List of The Tudors season 2 episodes
| No. overall | No. in season | Title | Setting | Directed by | Written by | Original release date | US viewers (millions) |
| 11 | 1 | "Everything Is Beautiful" | 1532 | Jeremy Podeswa | Michael Hirst | 30 March 2008 | 0.768 |
As he seeks the annulment of his marriage to Catherine of Aragon, King Henry VIII seeks to appoint himself head of the Church of England. Anne Boleyn insists that Henry remove Queen Catherine from Court. The new Pope Paul III, not wanting to displease either the king or the Emperor, suggests that Boleyn instead be assassinated. Lutheran clergyman Thomas Cranmer, newly arrived at Court, receives a promotion as the king's chaplain at the behest of Cromwell and the Boleyns. Thomas and George Boleyn bribe a cook to poison the food of Catherine's strongest supporter, Bishop of Rochester John Fisher; however, the bishop survives and the cook, Richard Roose, is boiled alive. King Henry banishes the Queen from court. The Spanish ambassador, Eustace Chapuys, is seen discussing the assassination of Anne with an unknown, hooded man.
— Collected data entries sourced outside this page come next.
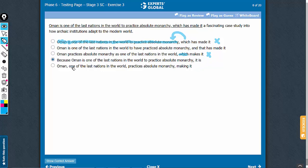Answer choice E completely changes the meaning. It's sounding as if Oman is one of the last nations in the world. In absence of a phrase such as to practice, the meaning is drastically changed. E can also be eliminated.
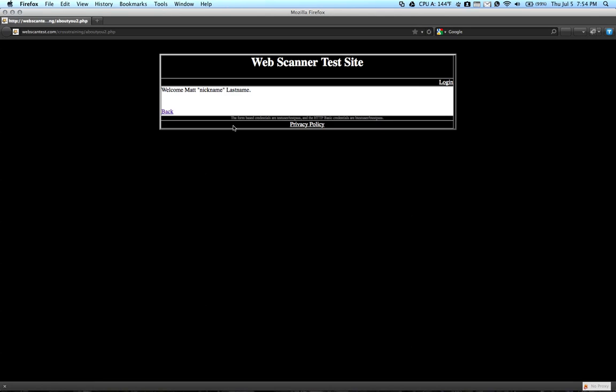As you can see, the web page here, which is just webscantest.com, essentially just is a series of web pages that are purposely vulnerable to various web attacks that you can practice scanning or practice your cross-site scripting searching abilities and skills.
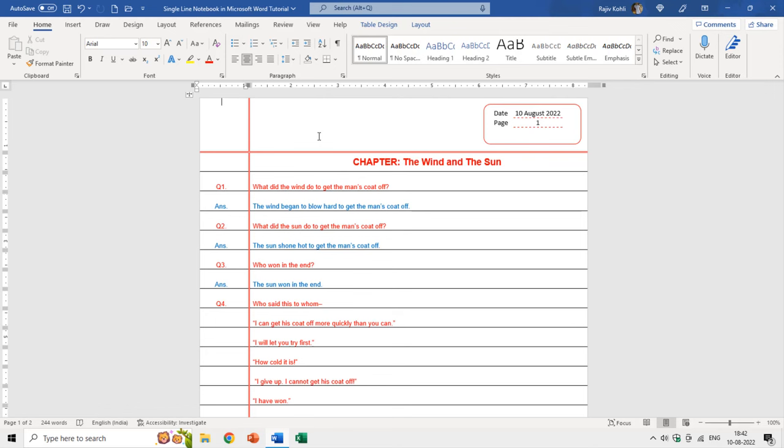In this tutorial, we will learn about how to draw an A4 single line notebook in Microsoft Word. Hello everyone and welcome back to our channel, The Teacher.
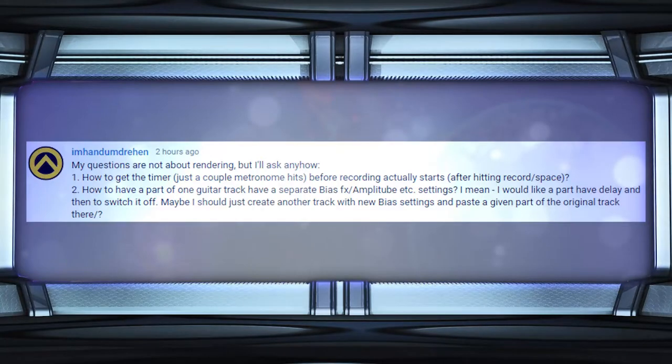The first one has to do with Reaper, so I'm going to show you a bit of that on my screen. Our first question — I'm just going to say his name is Hand — how do you get the timer, just a couple of metronome hits, before recording actually starts? What I believe he's talking about is in Reaper where it counts in before you start playing or recording.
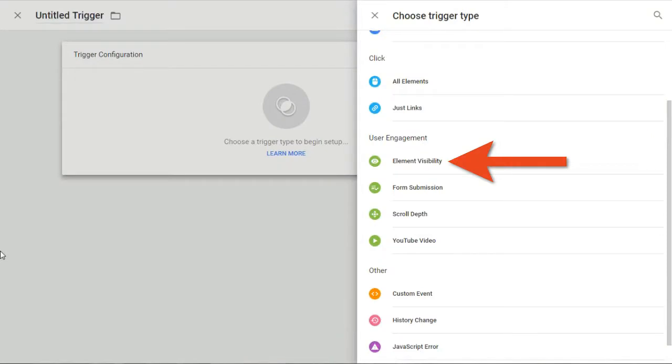This results in skewed metrics like average session duration and average time on page. By using Google Tag Manager, you can track page visible time and hidden time, thus solving this problem.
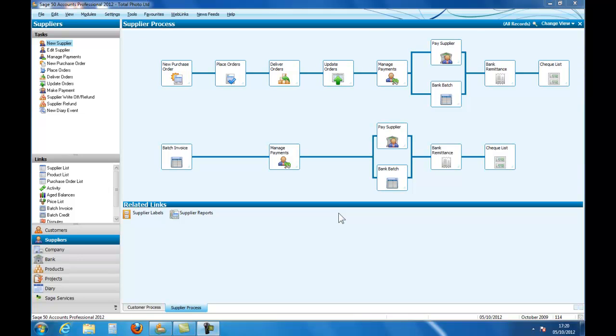Welcome to an introduction to accounting and to SageLine 50. In this podcast, we are going to look at the procedures to enter a new customer.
| 12 | 2 | "Tears of Blood" | 1532 | Jeremy Podeswa | Michael Hirst | 6 April 2008 | N/A |
As the Catholic Church struggles to control Henry VIII's demands for an annulment, the King appoints himself head of the Church of England; initial protests are stifled when Archbishop of Canterbury William Warham officially submits the clergy to Henry. Anne Boleyn insists that Henry break all contacts with Catherine. The Reformation has begun; depressed by his failure to prevent it, Sir Thomas More resigns as Henry's Chancellor. Charles Brandon's growing hatred for the Boleyns - and his mistrust of Cromwell - causes him to abandon his alliance with them, losing him the King's favour again. Anne is created Marquess of Pembroke before she and Henry visit France to present Anne as the future Queen of England and Henry's future wife. After talks between both Henry and Anne and the French King to secure his support, Anne finally submits sexually to Henry, asking him to help her conceive the son and heir, narrowly avoiding another encounter with the Imperial-hired assassin.
| 13 | 3 | "Checkmate" | 1533 | Colm McCarthy | Michael Hirst | 13 April 2008 | N/A |
Henry destroys all ties with authority and the past. After failed attempts to have his marriage to Catherine annulled by the Catholic Church, Henry runs out of patience and marries the pregnant Anne Boleyn in secret. He appoints the young Lutheran Thomas Cranmer to succeed the deceased William Warham as Archbishop of Canterbury and strips Queen Catherine of her title and status, along with Princess Mary; they are henceforth to be known as the Princess Dowager of Wales and the Lady Mary. The Act of Restrain of Appeals is presented to Parliament by Cromwell and passes. Henry gives the position of Chancellor to the pro-Lutheran Thomas Cromwell. Anne Boleyn is crowned Queen before a small crowd, and escapes an assassination attempt. Pope Paul III threatens to excommunicate the king and the church of England if Henry does not return to Catherine; Henry tears the papal edict in half. Henry is also disappointed when Anne gives birth to a daughter, Elizabeth, instead of his desired son, and soon resumes his philandering with ladies of the court despite assuring Anne they will still have a son.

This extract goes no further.